For example, to find the numerator of the standard quotient above, one
could say:
\begin{verbatim}
        numr z;
\end{verbatim}
or to find the leading term of the numerator:
\begin{verbatim}
        lt numr z;
\end{verbatim}
Conversion between various data structures is facilitated by the use of a
set of functions defined for this purpose. Those currently implemented
include:

{\renewcommand{\arraystretch}{1.5}
\begin{tabular}{lp{\reduceboxwidth}}
{\tt !*A2F} & convert an algebraic expression to
a standard form.  If result is rational, an error results; \\
%
{\tt !*A2K} & converts an algebraic expression to
a kernel.  If this is not possible, an error results; \\
%
{\tt !*F2A} & converts a standard form to an
algebraic expression; \\
%
{\tt !*F2Q} & convert a standard form to a
standard quotient; \\
%
{\tt !*K2F} & convert a kernel to a standard form; \\
{\tt !*K2Q} & convert a kernel to a standard quotient; \\
%
{\tt !*P2F} & convert a standard power to a
standard form; \\
%
{\tt !*P2Q} & convert a standard power to a standard quotient; \\
%
{\tt !*Q2F} & convert a standard quotient to a
standard form.  If the quotient denominator is not 1, an error results; \\
%
{\tt !*Q2K} & convert a standard quotient to a
kernel.  If this is not possible, an error results; \\
%
{\tt !*T2F} & convert a standard term to a standard form \\
%
{\tt !*T2Q} & convert a standard term to a standard quotient.
\end{tabular}}

\subsection{Passing Symbolic Mode Values to Algebraic Mode}

In order to pass the value of a shared variable from symbolic mode to
algebraic mode, the only thing to do is make sure that the value in
symbolic mode is a prefix expression. E.g., one uses
{\tt (expt (plus a b) 2)} for {\tt (a+b)\verb|^|2}, or the format ({\tt *sq
<standard quotient> t}) as described above.  However, if you have
been working with parts of a standard form they will probably not be in
this form.  In that case, you can do the following:
\begin{enumerate}
\item If it is a standard quotient, call {\tt PREPSQ} on it.  This takes a
standard quotient as argument, and returns a prefix expression.
Alternatively, you can call {\tt MK!*SQ} on it, which returns a prefix
form like ({\tt *SQ <standard quotient> T)} and avoids translation of
the expression into a true prefix form.

\item If it is a standard form, call {\tt PREPF} on it.  This takes a
standard form as argument, and returns the equivalent prefix expression.
Alternatively, you can convert it to a standard quotient and then call
{\tt MK!*SQ}.

\item If it is a part of a standard form, you must usually first build up a
standard form out of it, and then go to step 2. The conversion functions
described earlier may be used for this purpose. For example,
\begin{enumerate}
\item If {\tt Z} is an expression which is a term, {\tt !*T2F Z} is a
standard form.
\item If {\tt Z} is a standard power, {\tt !*P2F Z} is a standard form.
\item If {\tt Z} is a variable, you can pass it direct to algebraic mode.
\end{enumerate}
\end{enumerate}
For example, to pass the leading term of {\tt (a+b)\verb|^|2} back to
algebraic mode, one could say:
\begin{verbatim}
        y:= mk!*sq !*t2q lt numr z;
\end{verbatim}
where {\tt Y} has been declared shared as above.  If you now go back to
algebraic mode, you can work with {\tt Y} in the usual way.
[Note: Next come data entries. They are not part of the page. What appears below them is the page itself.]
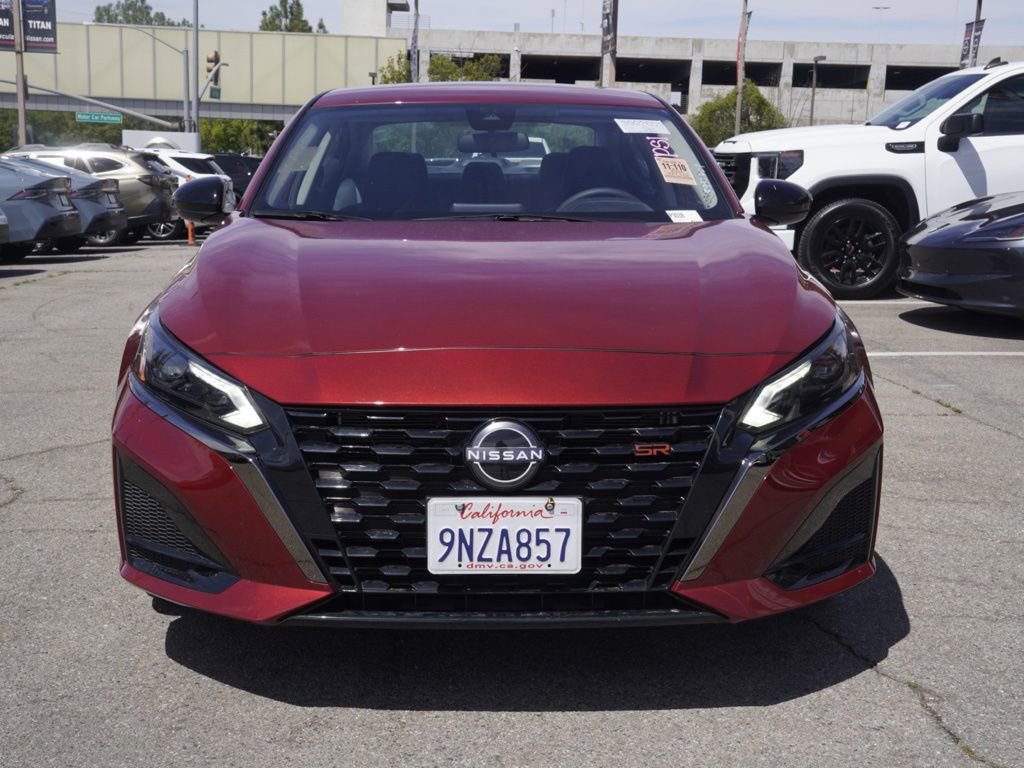 Certified 2024 Nissan Altima 2.5 SR image 6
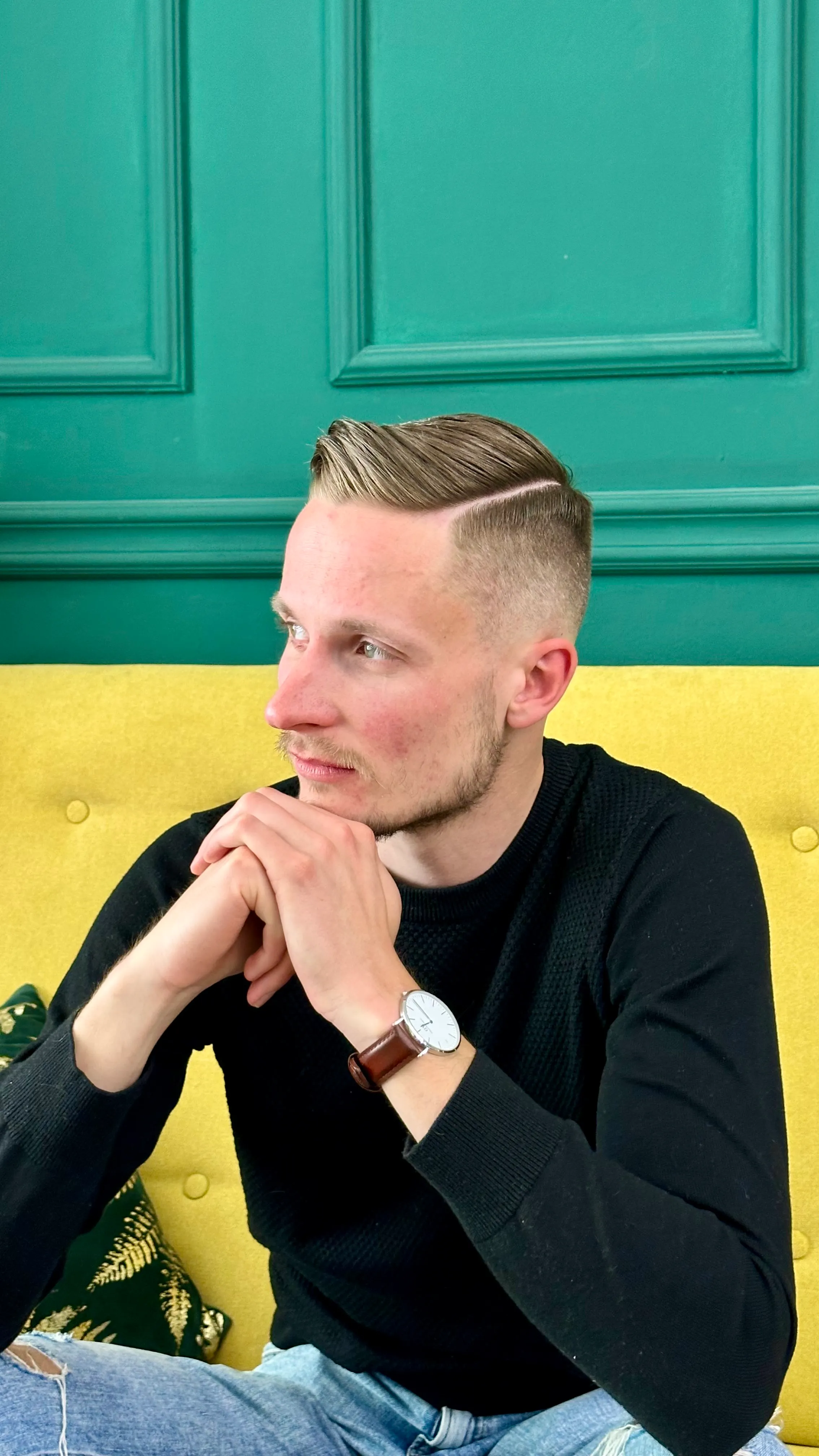 Světlý krátký střih s pěšinkou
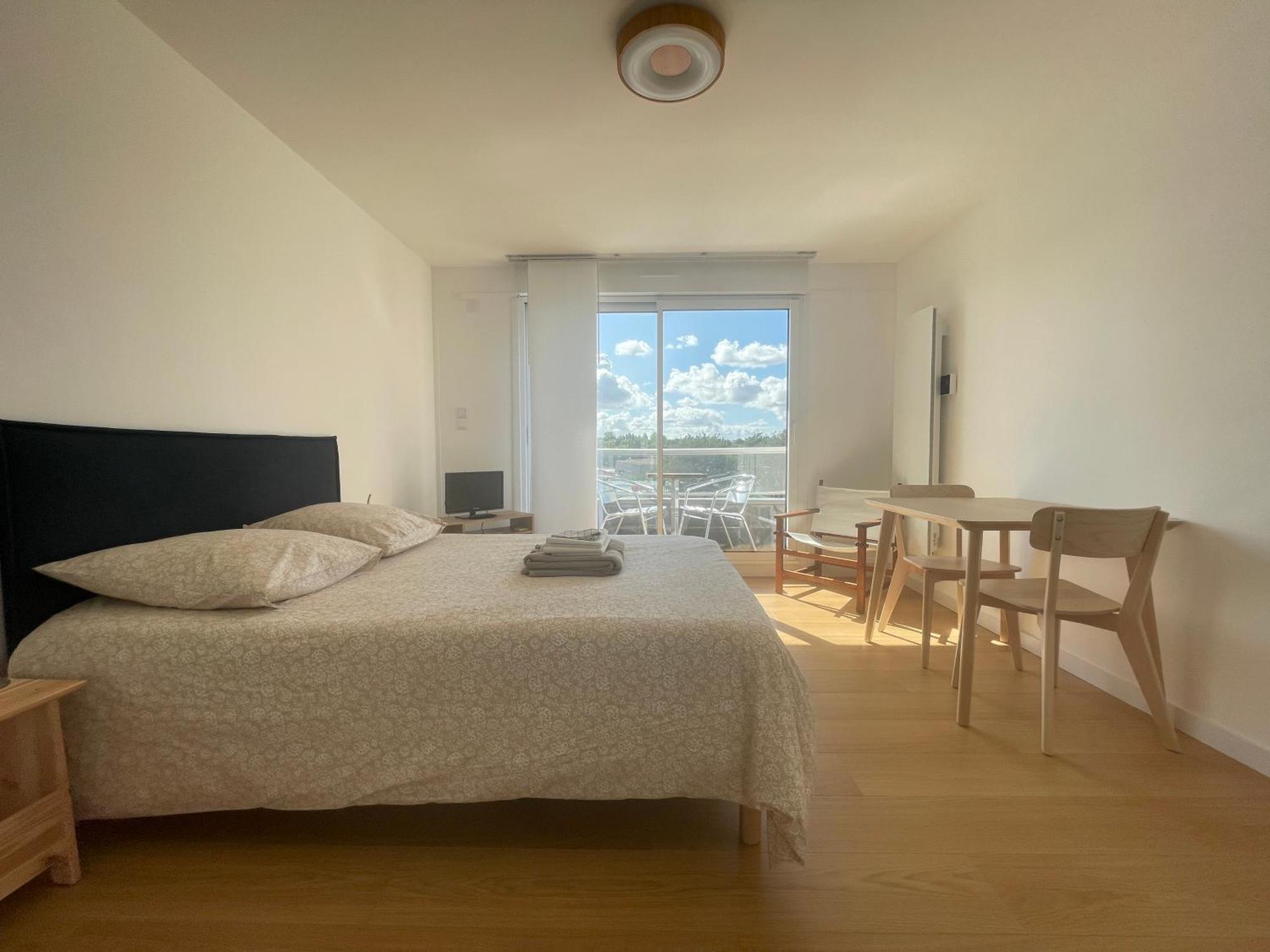 Studio - Balcon - Bord De Mer Courseulles-sur-Mer Exterior photo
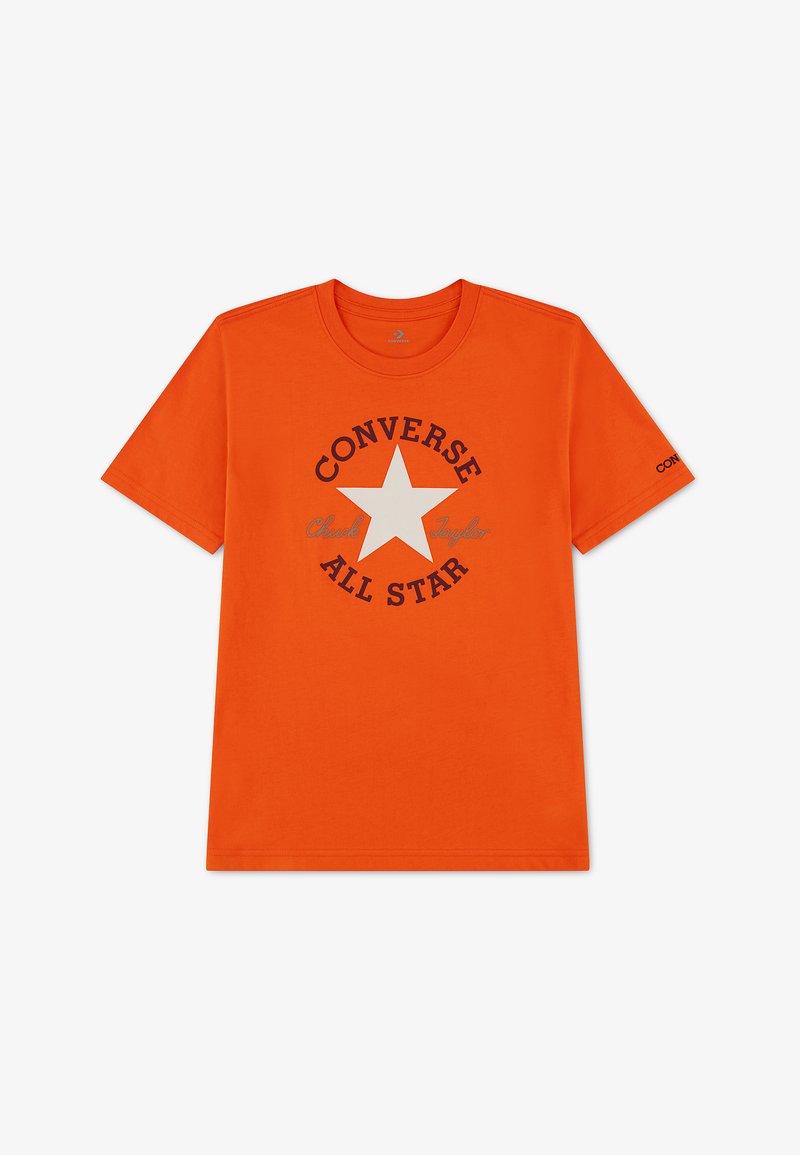 T-shirt orange vif à manches courtes avec une étoile blanche et un texte noir "Converse All Star Chuck Taylor" sur le devant et un petit logo sur la manche.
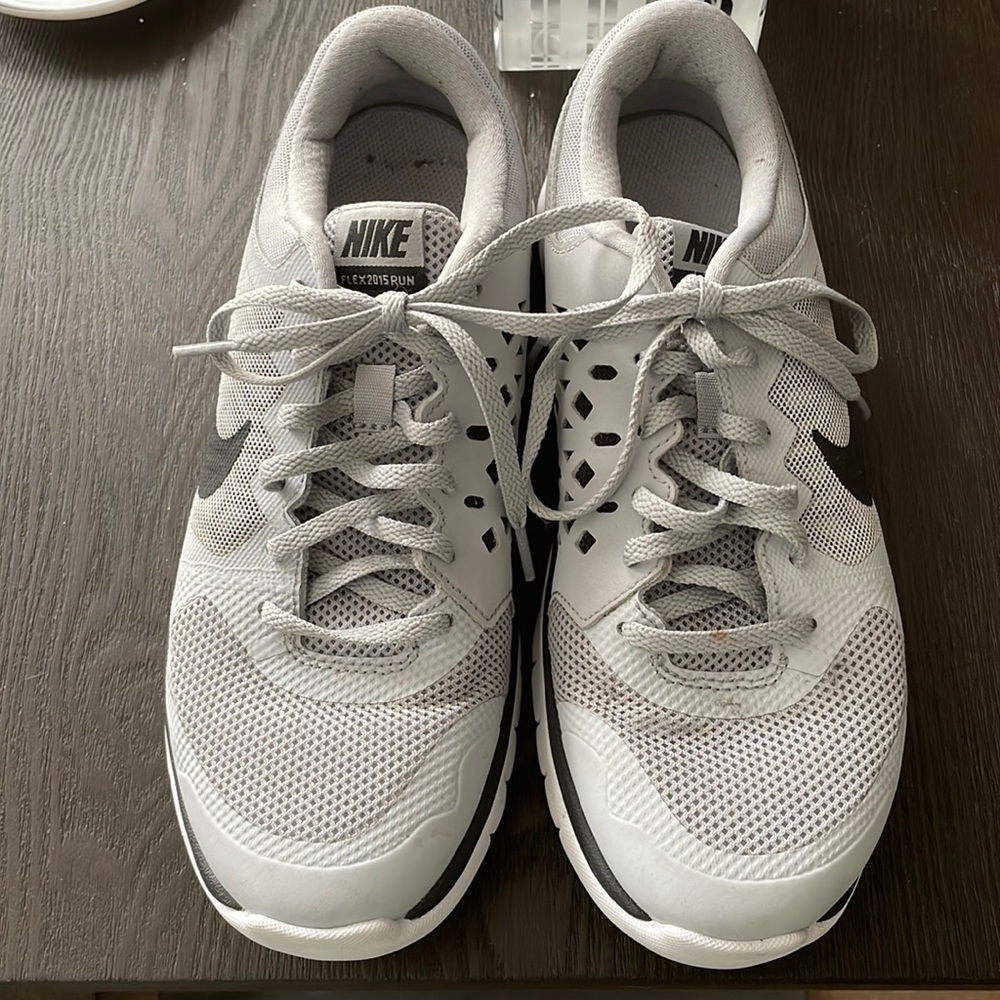 7 Y like new gray black NIKE athletic tennis shoes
\subsection{Complete Example}

The following is the complete code for doing the above steps. The end
result will be that the square of the leading term of $(a+b)^{2}$ is
calculated.

%%\begin{tabular}{lp{\rboxwidth}}
%%{\tt share x,y;} & {\tt \% declare {\tt X} and
%%{\tt Y} as shared} \\
%%{\tt x := (a+b)\verb|^|2;} & {\tt \% store (a+b)\verb|^|2 in X} \\
%%{\tt symbolic;} & {\tt \% transfer to symbolic mode} \\
%%{\tt z := cadr x;} & {\tt \% store a true standard quotient \newline
%%                          \% in Z} \\[1.7pt]
%%{\tt lt numr z;} & {\tt \% print the leading term of the \newline
%%                        \% numerator of Z} \\
%%{\tt y := mk!*sq !*t2q numr z;} & {\tt \% store the
%%                       prefix form of this \newline
%%                     \% leading term in Y} \\
%%{\tt algebraic;} & {\tt \% return to algebraic mode} \\
%%{\tt y\verb|^|2;} & {\tt \% evaluate square of the leading \newline
%%\% term of (a+b)\verb|^|2}
%%\end{tabular}
\begin{verbatim}
share x,y;                % declare X and Y as shared
x := (a+b)^2;             % store (a+b)^2 in X
symbolic;                 % transfer to symbolic mode
z := cadr x;              % store a true standard quotient in Z
lt numr z;                % print the leading term of the
			  % numerator of Z
y := mk!*sq !*t2q numr z; % store the prefix form of this
			  % leading term in Y
algebraic;                % return to algebraic mode
y^2;                      % evaluate square of the leading term
			  % of (a+b)^2
\end{verbatim}

\subsection{Defining Procedures for Intermode Communication}

If one wishes to define a procedure in symbolic mode for use as an
operator in algebraic mode, it is necessary to declare this fact to the
system by using the declaration {\tt OPERATOR}\ttindex{OPERATOR} in
symbolic mode. Thus
\begin{verbatim}
        symbolic operator leadterm;
\end{verbatim}
would declare the procedure {\tt LEADTERM} as an algebraic operator. This
declaration {\em must\/} be made in symbolic mode as the effect in algebraic
mode is different.  The value of such a procedure must be a prefix form.

The algebraic processor will pass arguments to such procedures in prefix
form. Therefore if you want to work with the arguments as standard
quotients you must first convert them to that form by using the function
{\tt SIMP!*}. This function takes a prefix form as argument and returns the
evaluated standard quotient.

For example, if you want to define a procedure {\tt LEADTERM} which gives the
leading term of an algebraic expression, one could do this as follows:
\begin{samepage}
\begin{verbatim}
symbolic operator leadterm; % Declare LEADTERM as a symbolic
                            % mode procedure to be used in
                            % algebraic mode.

symbolic procedure leadterm u; % Define LEADTERM.
   mk!*sq !*t2q lt numr simp!* u;
\end{verbatim}
\end{samepage}
Note that this operator has a different effect than the operator {\tt LTERM}
\ttindex{LTERM}.  In the latter case, the calculation is done
with respect to the second argument of the operator.  In the example here,
we simply extract the leading term with respect to the system's choice of
main variable.

Finally, if you wish to use the algebraic evaluator on an argument in a
symbolic mode definition, the function {\tt REVAL} can be used.  The one
argument of {\tt REVAL} must be the prefix form of an expression. {\tt
REVAL} returns the evaluated expression as a true Lisp prefix form.